TOKYO -- Tokyo prosecutors are seeking a two-year prison sentence for Greg Kelly, the former Nissan director indicted alongside former Chairman Carlos Ghosn for alleged financial misconduct.
Prosecutors made the case against the American defendant on Wednesday as they delivered their closing argument in the long-running trial.
Kelly, who was arrested in Japan nearly three years ago, on Nov. 19, 2018, had faced a maximum penalty of up to 15 years for the alleged violation.
Prosecutors said they sought a two-year prison sentence, mindful of the time Kelly has already spent detained in Japan. After his arrest, Kelly was locked for more than a month in a Tokyo jail before being released on bail. Since then, he has been barred from traveling outside the country.
The trial began Sept. 15, 2020, and Kelly's lawyer says a verdict is not expected until March 2022.
Kelly's defense team gives its closing argument on Oct. 27. Then, the matter rests in the hands of the three-judge panel that has been presiding over the case for more than a year.
After the Sept. 29 hearing, Kelly lawyer Yoichi Kitamura attacked the prosecutors' case, saying that, among other things, they failed to establish a motive for Kelly's alleged wrongdoing.
"We can refute everything the prosecutors said today," Kitamura said.
Separately, prosecutors recommended a 200 million yen ($1.8 million) fine for Nissan, which, as a corporate entity, is a co-defendant in the case. Nissan has not contested the charges, which allege that it failed to properly report the full extent of Ghosn's compensation.
Regarding Kelly, the question facing judges is whether he was part of an under-the-table effort to hide nearly half of Ghosn's supersized compensation and pay it out to him later.
Prosecutors allege Ghosn, 67, and Kelly, 65, hid some 9.3 billion yen ($84 million) in postponed compensation from 2010 to 2018.
Both men, arrested the same day in 2018, deny any wrongdoing. But after Ghosn fled Japan for Lebanon in 2019, Kelly, his longtime American human resources chief and a former director on the board, was left to fight the charges alone.
Kelly readily admits Ghosn took a massive pay cut -- to the tune of around half his salary -- in 2010 when Japan's financial disclosure rules changed. According to Kelly, Ghosn feared that if the true scale of his Nissan paycheck were known, he would face withering backlash in France.

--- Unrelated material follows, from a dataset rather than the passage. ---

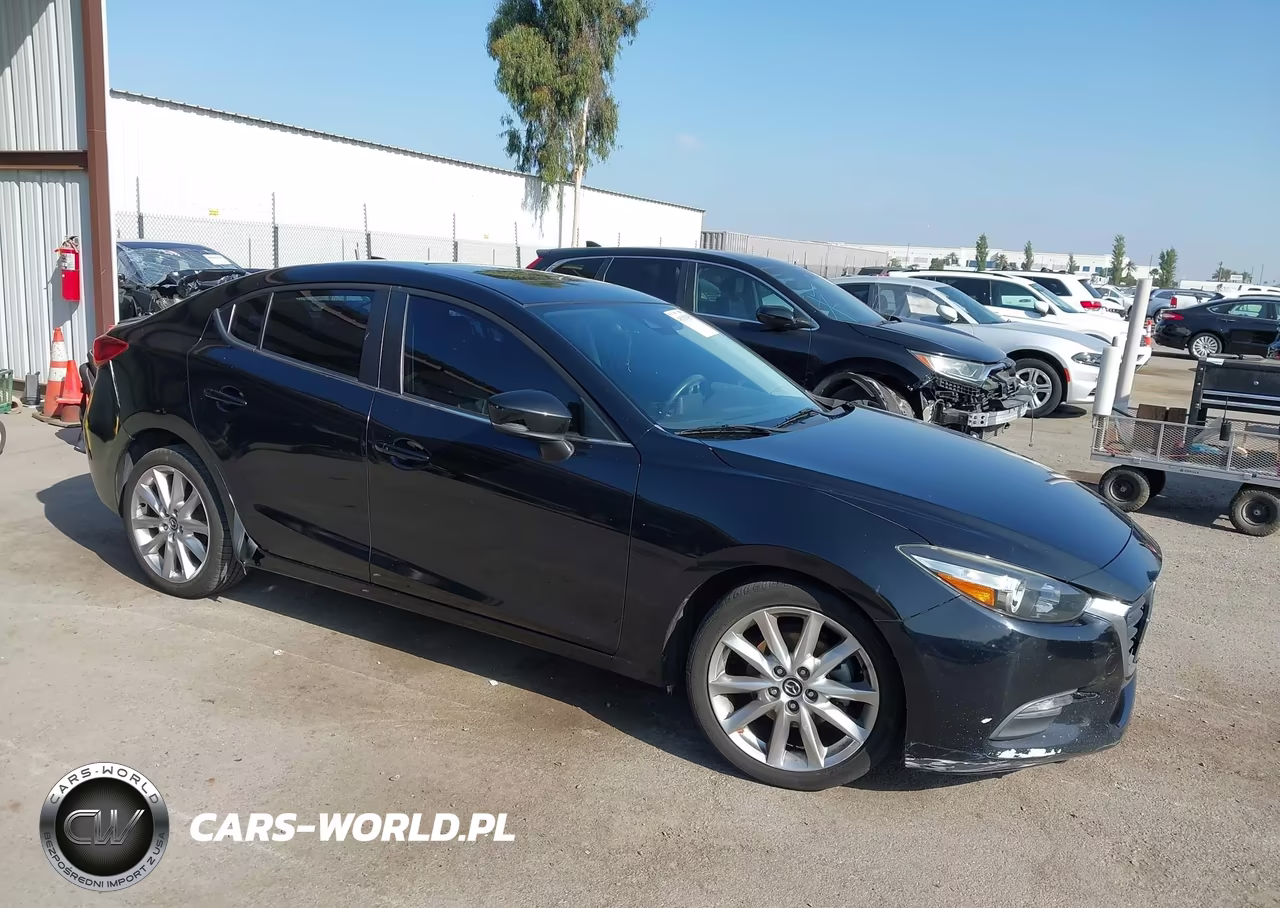 2017 Mazda Mazda3 Touring VIN:3MZBN1V77HM120678 - 1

But prosecutors allege Nissan made a deal to pay back that salary shortfall -- the amount Ghosn would have earned had he not taken the pay cut -- thereby illegally skirting disclosure rules. Kelly counters there was nothing to disclose, partly because no retirement deal was every finalized.

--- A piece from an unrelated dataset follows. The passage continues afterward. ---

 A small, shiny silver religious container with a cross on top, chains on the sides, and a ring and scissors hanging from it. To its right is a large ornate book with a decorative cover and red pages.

The defense also argues that Kelly was working on a retirement package to be paid in retirement for work done in retirement. As such, the defense maintains, there would be no obligation to disclose the payout -- and the charges would be moot. The pay cut Ghosn took, referred to as a shortfall by Kelly, only served as a frame of reference for Ghosn's expectations.
In closing their case against Kelly, prosecutors said the retirement plans were simply a pretense to compensate Ghosn for the pay cut he took in his last eight years at the helm.
"It is clear that Kelly knew that the shortfall equals postponed remuneration, according to pieces of objective evidence," the prosecutor said. "Clearly, Kelly's defense is not acceptable."